La correspondance est également riche en informations sur Lucien Leuwen. Stendhal y dévoile la rédaction de son roman dans sa lettre du 4 mars 1835 signée « Anastase de Serpière ».

Écrit avec interruptions de mai 1834 à novembre 1836, Lucien Leuwen parut de manière posthume : sa première partie, « Le Chasseur vert », parut en 1855 dans les Nouvelles inédites, et l'ensemble en 1894.
« […] Je finis un roman où je peins (comme disent les hommes de lettres vos protégés), où je peins une ville de province de 30000 vers Metz ou Nancy. Je l'appelle Montvallier. Là mon héros devient amoureux. Dites-moi quelque chose de la province. Vous m'intéresserez doublement ou triplement… » (s. l., 4 mars 1835). Il évoque également à plusieurs reprises la comtesse de Sainte-Aulaire, dont il fréquenta le salon à l'ambassade de France à Rome : il la prit comme modèle pour sa nouvelle Une position sociale, écrite en 1832, qu'il pensa un temps développer pour former une troisième partie à Lucien Leuwen. Il fait également mention des Mémoires et voyages d'Astolphe de Custine, son ami : « J'ai remis chez mon portier… le premier volume de M. de Custine. C'est le voyage en Italie et celui qui convient le mieux à ces jolies âmes françaises pour lesquelles il faudrait écrire avec les couleurs de l'arc-en-ciel. Quels que soient les torts de M. de Custine, il n'est point charlatan. Il n'est point vaudevilliste courant après la pointe, il peint vrai ; trois petites qualités assez rares. Il a 18 ans, dans le volume… Il est quelquefois enfant. Son grand défaut est d'avoir peur du public, qui, sauf votre respect, n'est qu'une bégueule crevant d'ennui et mettant à son amusement des conditions impossibles à remplir… » (janvier 1830). Il parle aussi de son ami Mérimée, vante son article sur Byron (« où il y a plus de philosophie et de véritable esprit que dans 1830 numéros du Globe ») mais pointe « le manque d'élan du personnage de sa nouvelle Histoire de Rondino » (7 mars 1830). On voit également défiler Chateaubriand, Fielding, Hoffmann ou Lamartine.

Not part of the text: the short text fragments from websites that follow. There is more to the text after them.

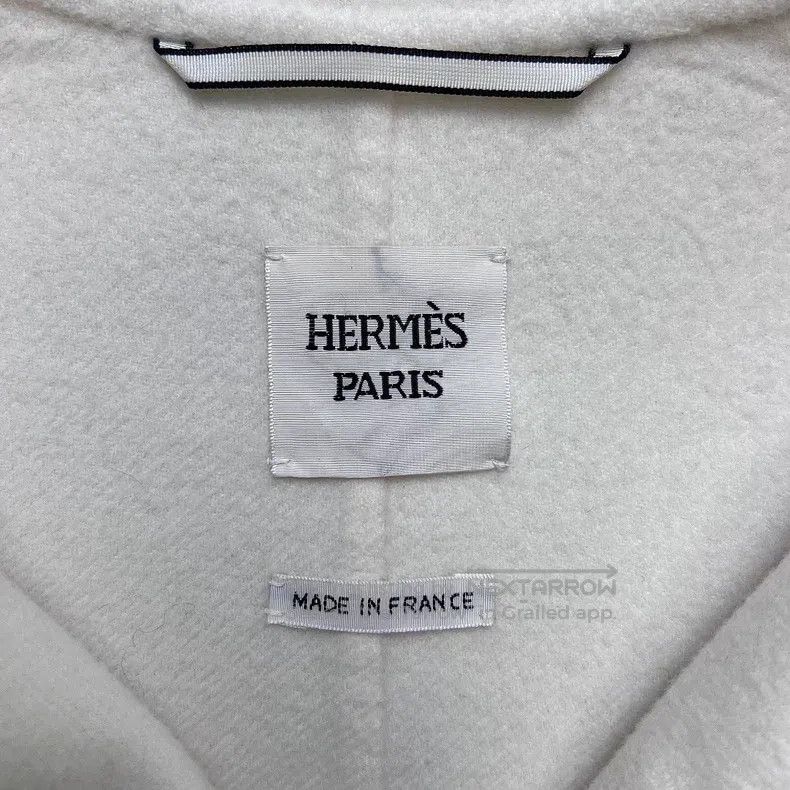 Hermes Hermes White Collar Zip-Up Loose Cashmere Coat Size XS / US 0-2 / IT 36-38 - 4 Thumbnail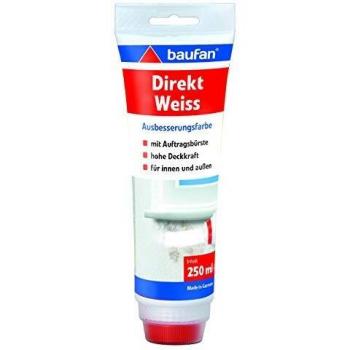Baufan Direkt Weiß Ausbesserungsfarbe mit Auftragsbürste 250ml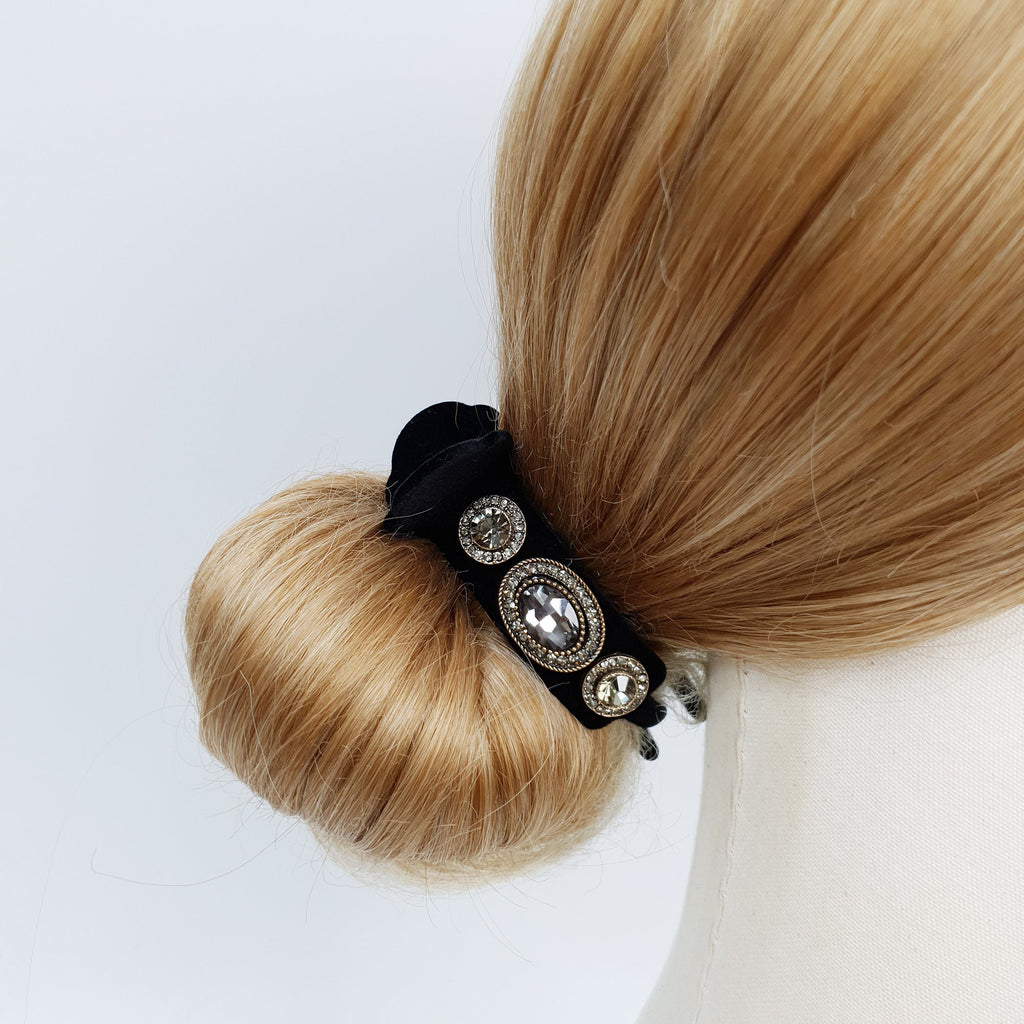 Velvet Pearl Dark Cubic Hair Clip / Simple Round Ponytail Holder / Hair Barrette for Woman / Pearl Hair Clip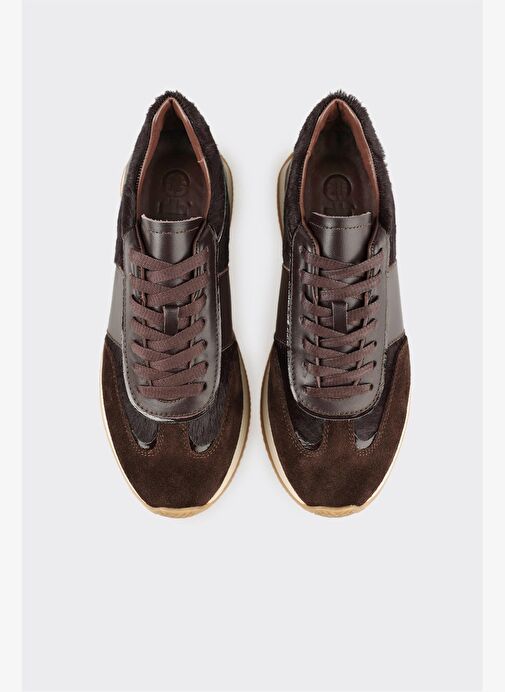 Kahve Deri Kadın Spor Ayakkabı - Görsel 5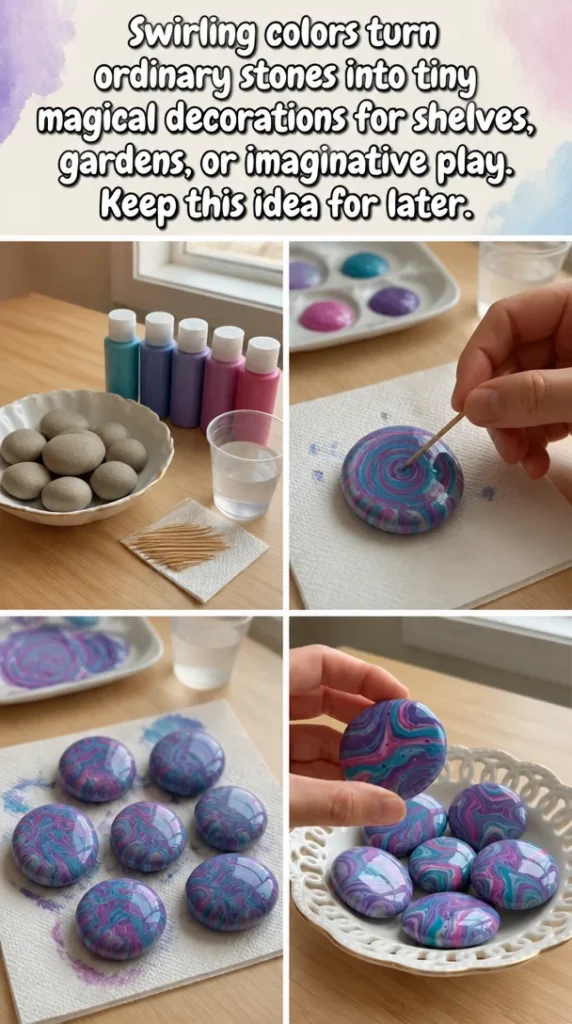 Colorful stones crafted into magical decorations for shelves and gardens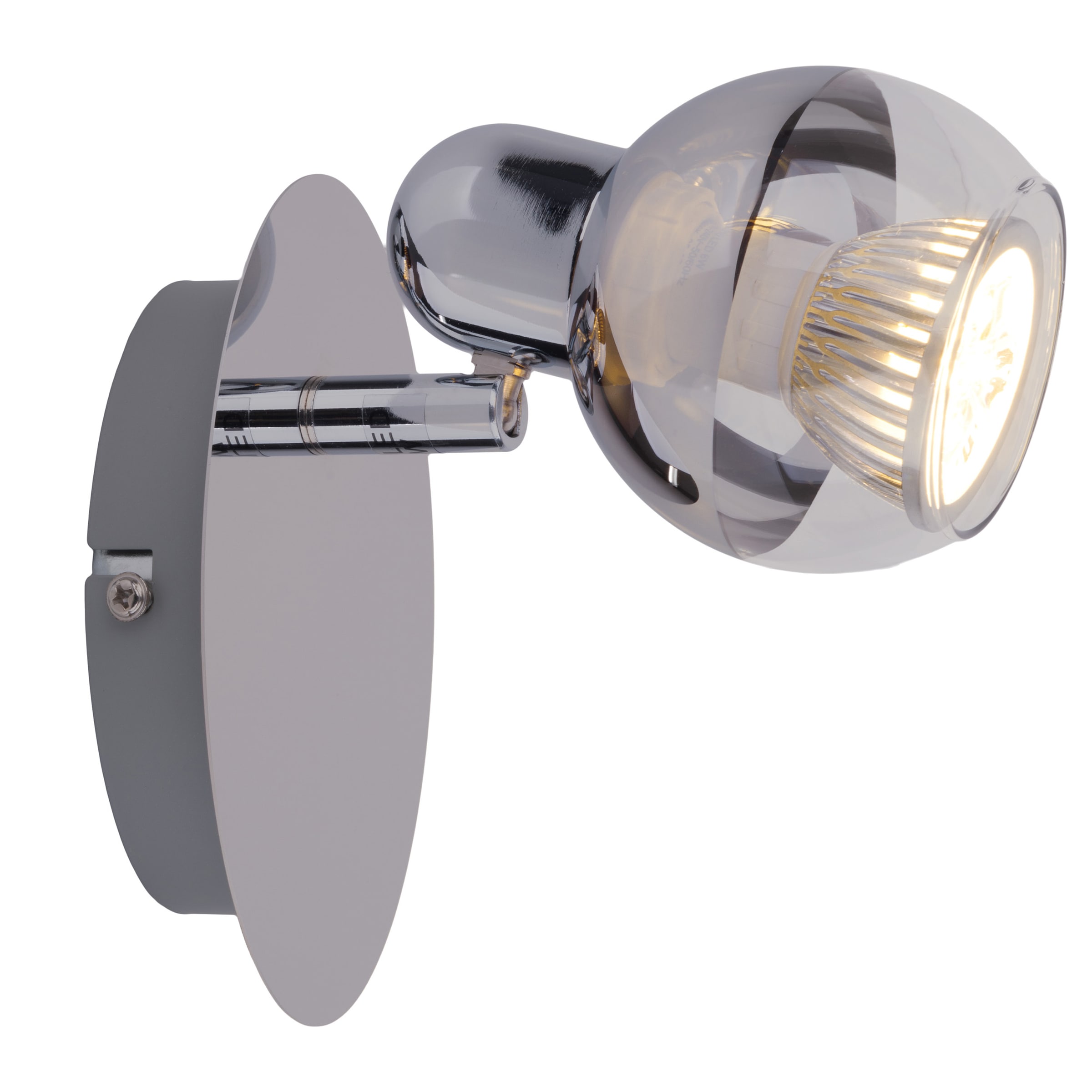 näve Wandstrahler »Boccia«, 1 flammig, Leuchtmittel GU10 | LED wechselbar, 1flg. incl. LED GU10 6W, chrom, Glasschirm, verstellbarer Spot, D:14cm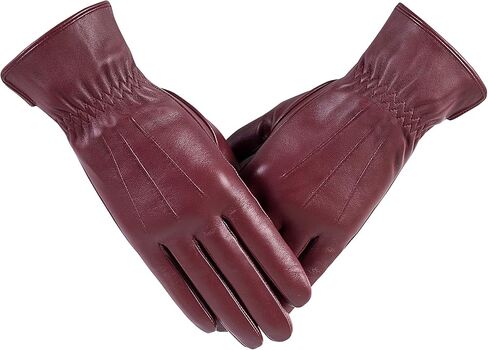 Winter Womens Fashion Leather Gloves Warm Cashmere Lining Touchscreen Texting Windproof Driving Gloves in Saudi Arabia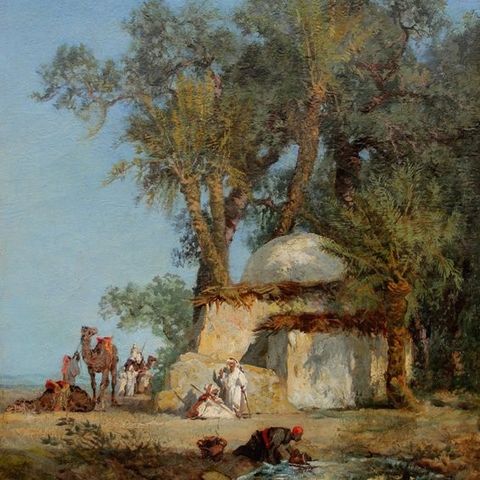 Rosellen - French orientalist school, XIX century - Resting caravane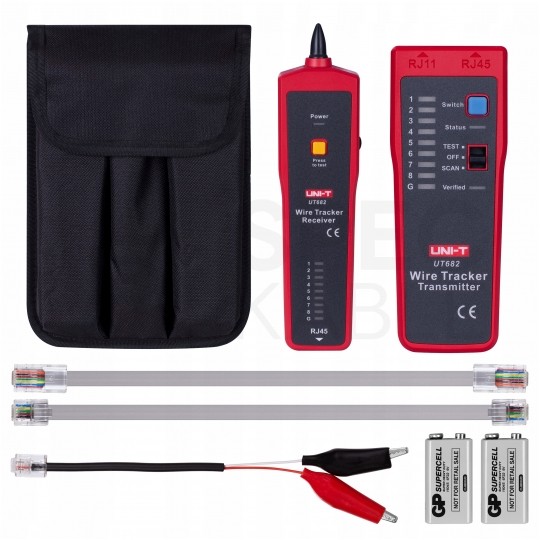 OUTLET Szukacz par przewodów z testerem kabli RJ45 + RJ12 / RJ11 Lokalizator kabli "Wire Tracker" UNI-T UT682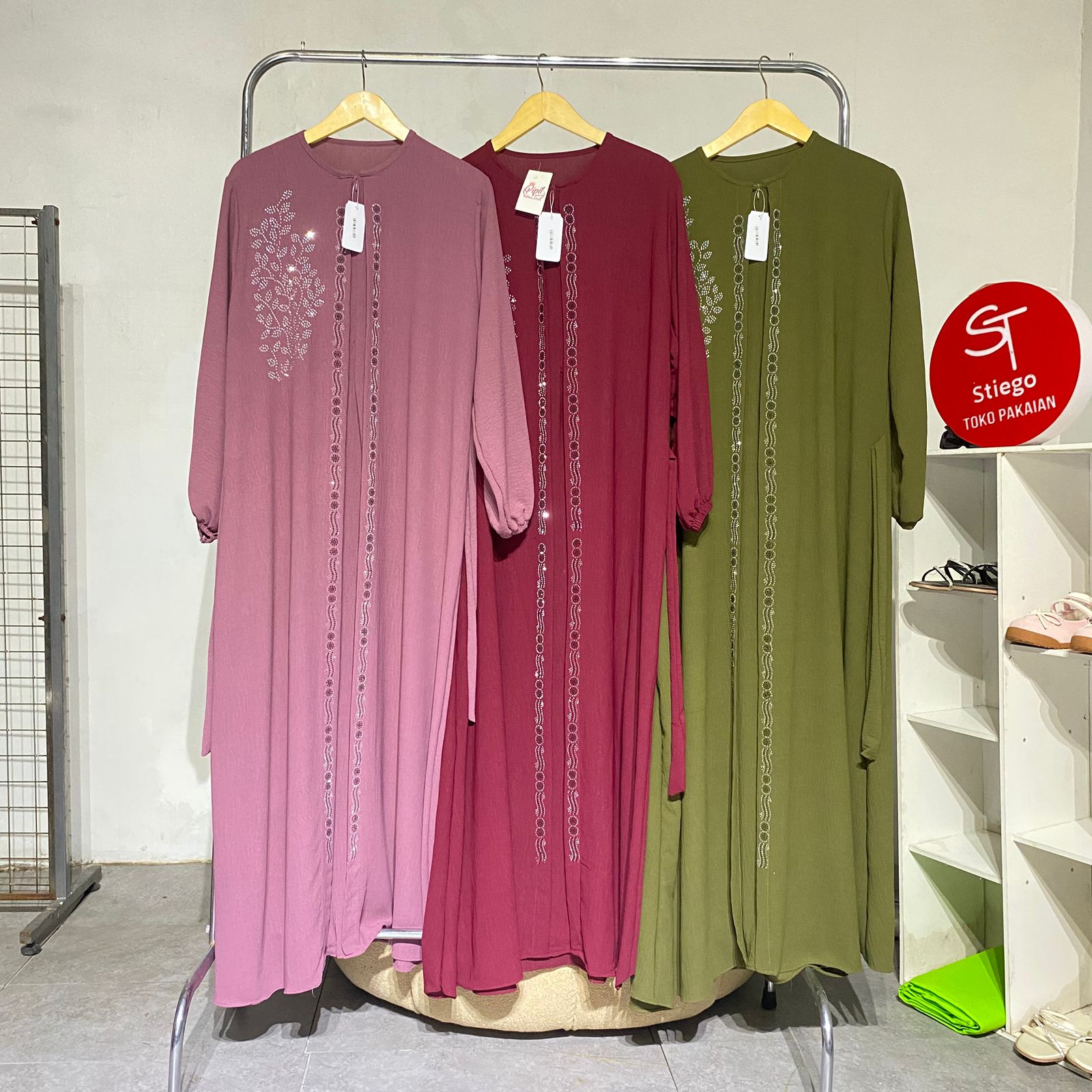 Gamis wanita Rompi bunga crinkle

♦ Très bel ensemble autographe.

─ Bibliographie :
Stendhal, Correspondance, Pléiade, n° 891, 895, 897, 899, 902, 935, 945, 979, 1060, 1373, 1380, 1393, 1402, 1429.

Petits frottements au dos, quelques petits manques de papier sur 7 lettres perdus au moment du décachetage (avec perte de quelques lettres), traces de pliures, menues taches et rousseurs affectant quelques lettres.